It’s time to say goodbye to Burberry’s diffusion lines. Burberry’s creative creative Christopher Bailey announced at a press conference that took place in London, November 3, that all of the company’s diffusion lines, namely Burberry London (focusing on the workwear), Burberry Pit (focusing on the weekend-wear) and Burberry Prorsum (the runway collection) will soon fold into Burberry’s main line by the end of 2016.
The British luxury house’s transition will thus take place just a few months before its 160th anniversary next year. Although the megabrand is showing an encouraging rise in revenue, Burberry’s headquarters decided to start investing in just one, unified collection, motivating such a choice during Tuesday’s press conference: “The behavior of the luxury customer is evolving; their style is more fluid and this is reflected in the way they shop. The changes we are making allow us to serve this new behavior more intuitively. By unifying our three lines under one label we can also offer a much more consistent experience of Burberry’s collections.”
It is definitely an interesting move for Burberry, whose diffusion lines have been so far a highly-profitable vehicle for the label thanks to their more affordable prices. Burberry’s Prorsum collection will thus rule over the other diffusion lines, albeit deprived from its original name.
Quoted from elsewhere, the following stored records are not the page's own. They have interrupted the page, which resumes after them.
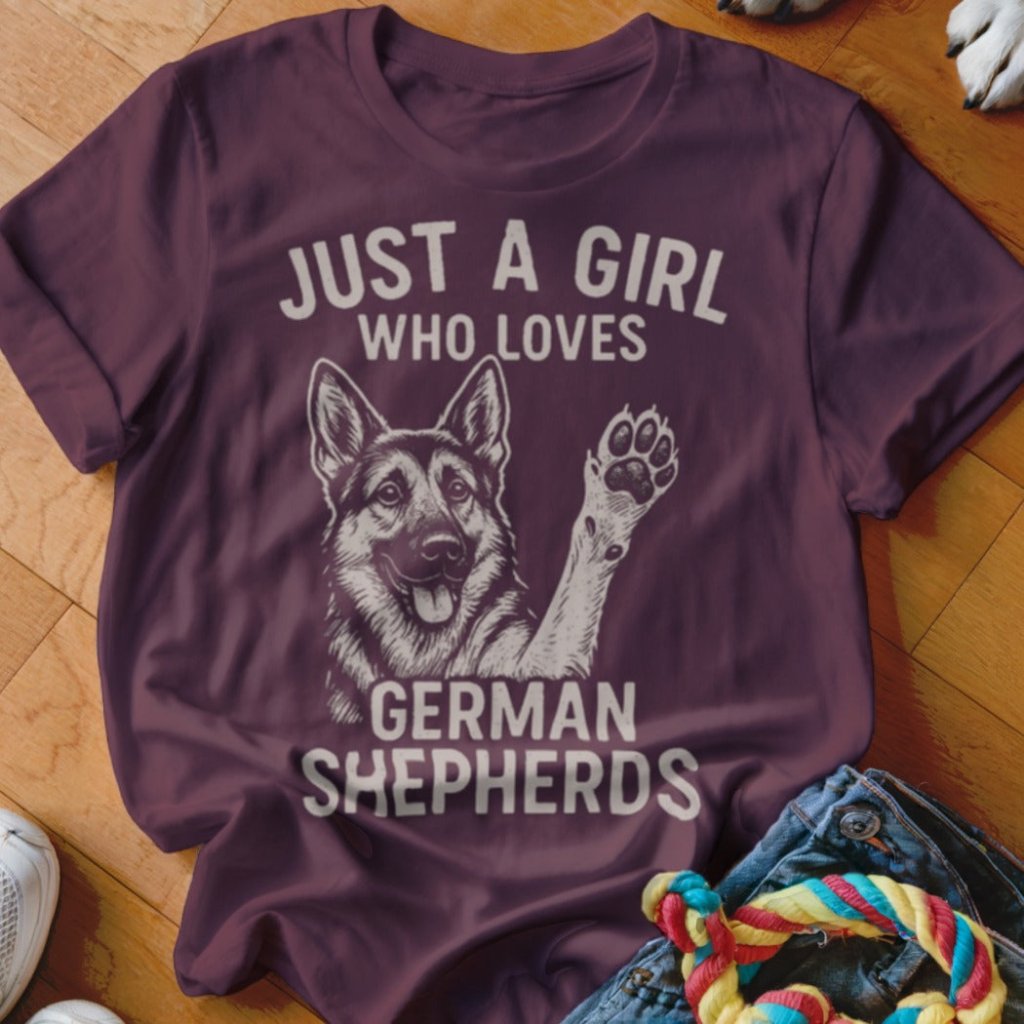 Just a Girl Who Loves GSD Shirt - The Pawsitive Initiative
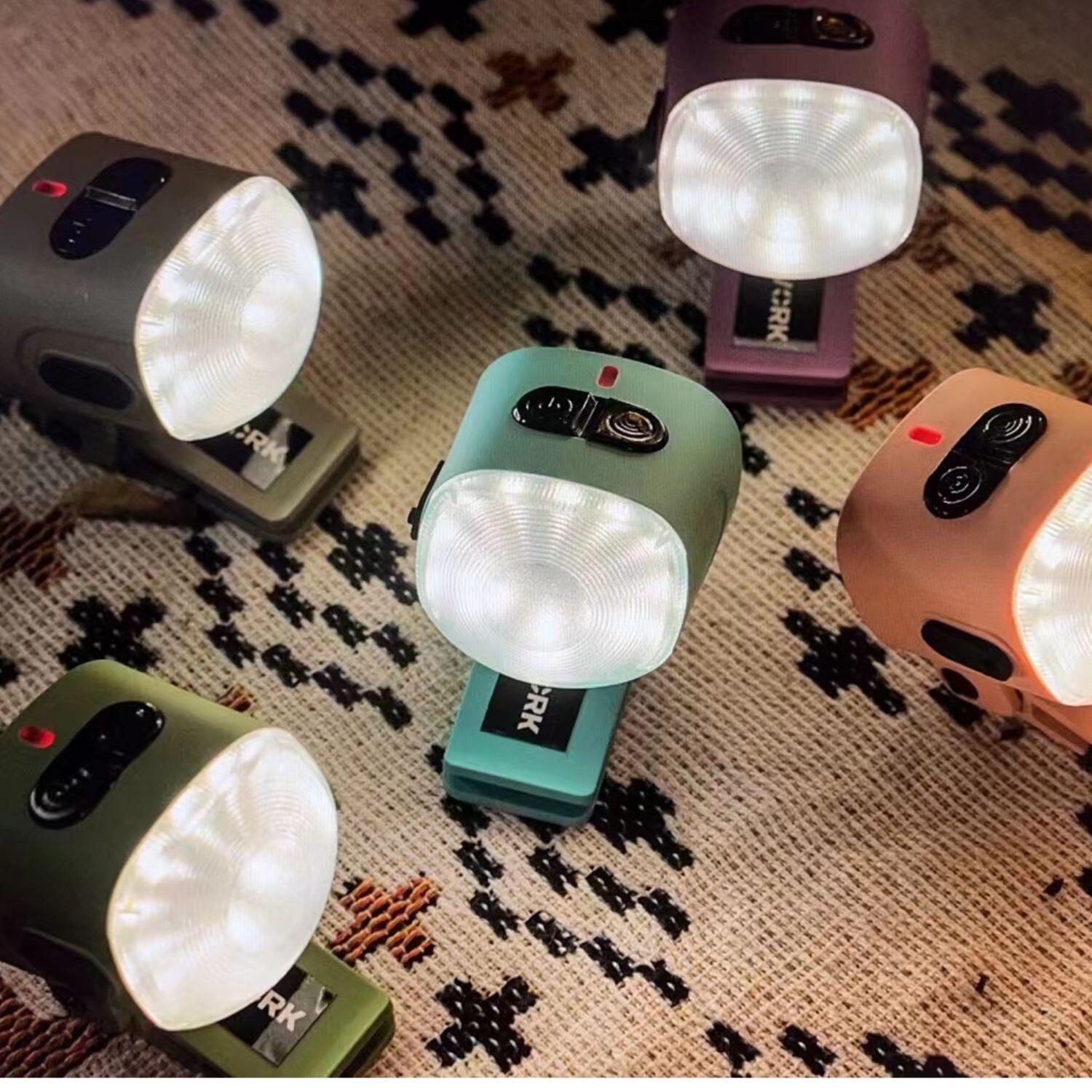 2 Mini oplaadbare multifunctionele LED-lampen - CLIPSY 7/8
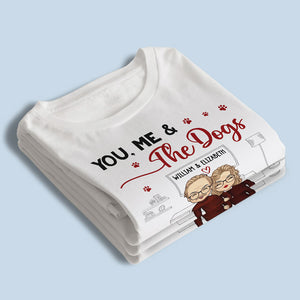 Toi, moi et les bébés à fourrure - T-shirt unisexe personnalisé pour couple, sweat à capuche, sweat-shirt - Cadeau pour couples, propriétaires d'animaux, amoureux des animaux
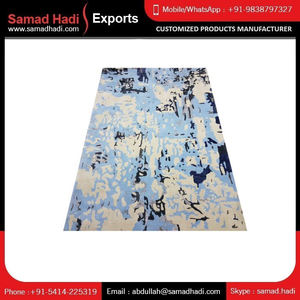 พรมขนสัตว์สไตล์ร่วมสมัยสุดหรูแบบนามธรรมดีไซน์ใหม่ทำด้วยมือสำหรับพื้นที่ห้องส่งตรงจากโรงงาน - Product Image 4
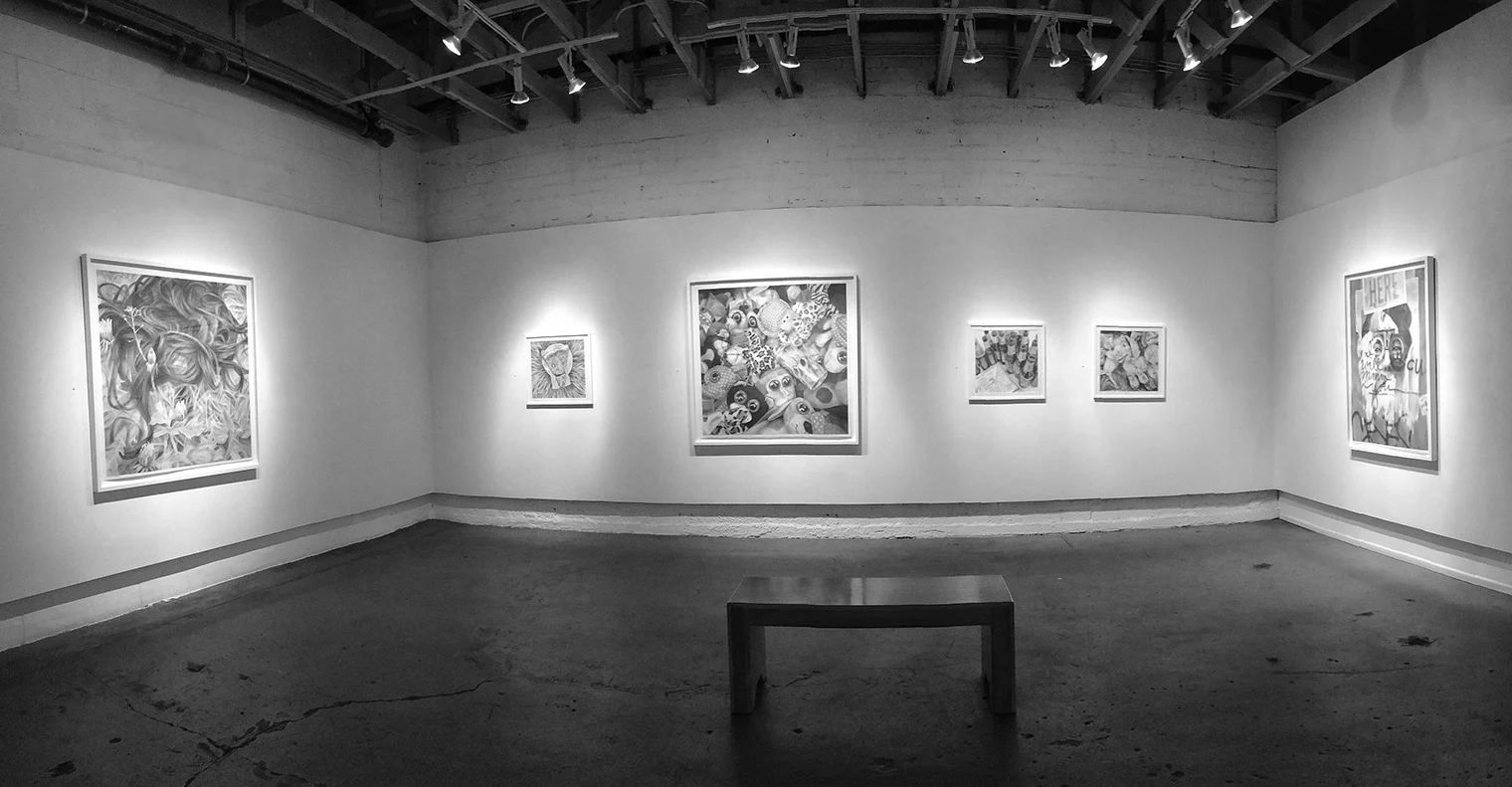 Exhibition install at Koplin Del Rio, Culver City, CA, 2015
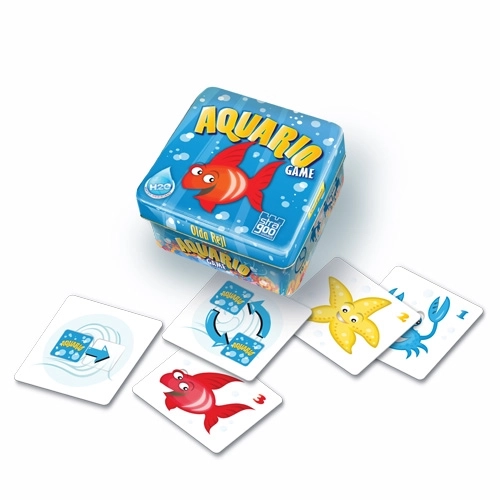 Aquario Gesellschaftsspiel in Metallbox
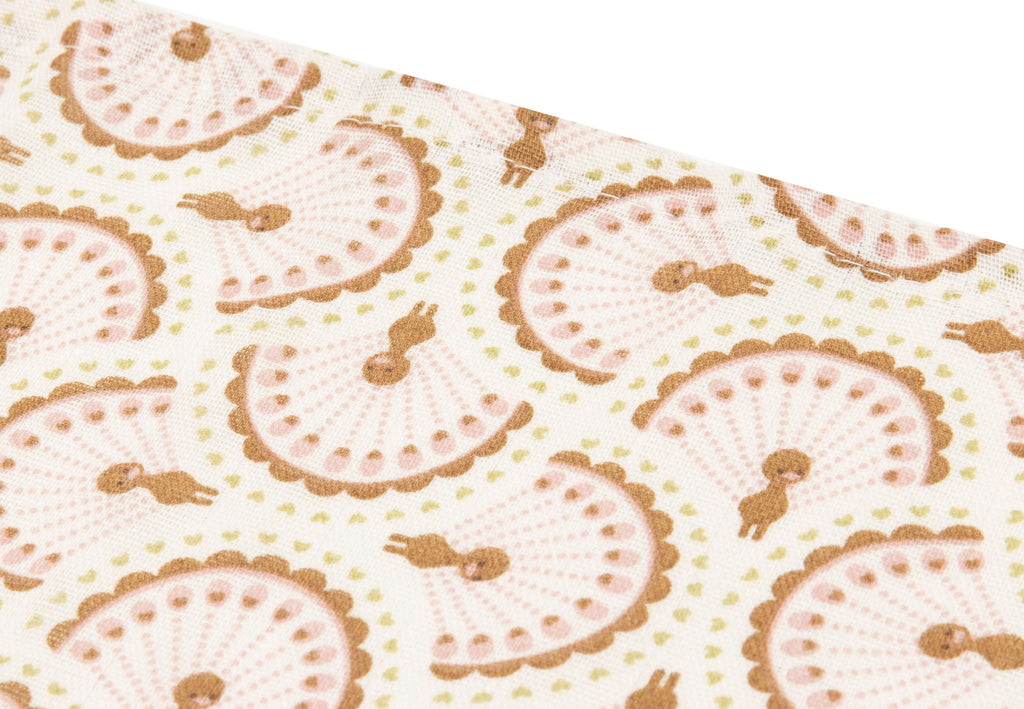 Jollein Hydrofiele Doek Small 70x70cm | Soft Plumes (3pack)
Still, such a turnaround should not be shocking at all. In fact, although diffusion collections have been the rage in the fashion industry for the last decade, and used to be regarded as indispensable vehicles for luxury brands such as Burberry, Dolce & Gabbana and Prada in order to increase product sales, it is becoming less and less the case. It all started off when Dolce & Gabbana’s diffusion line, D&G was folded into the brand’s main line back in 2011 (even if it was generating hundreds of millions in revenues). Since then, many other brands such as Victoria Beckham and DKNY have been following in the Italian fashion house’s footsteps. Last but not least, Marc by Marc Jacobs also followed a similar path, being folded into the main Marc Jacobs line (releasing its last capsule collection less than a week ago).
To make things even more appealing, Christopher Bailey announced some more exciting news during Tuesday’s press conference. He revealed that Burberry is about to invest a whopping £50 million (circa $77 million) in a new Leeds-based factory (in Yorkshire, England), which will be in charge of producing the label’s legendary trench coats. The factory, which is set to be available optimistically for 2019, will definitely help bring new jobs to the area, as well as bring more prestige to the label itself.
Burberry’s about-face may also help the label focus more on its haute couture origins, giving us some new spectacular fashion shows. At the same time, it may also lead the luxury house to give its access to a younger audience thanks to some fashionable high-street collections, which seem to be the new main trend (just think about Balmain’s recent collaboration with H&M).
It’s definitely a new era for the fashion industry, and we just have to wait to see what happens next.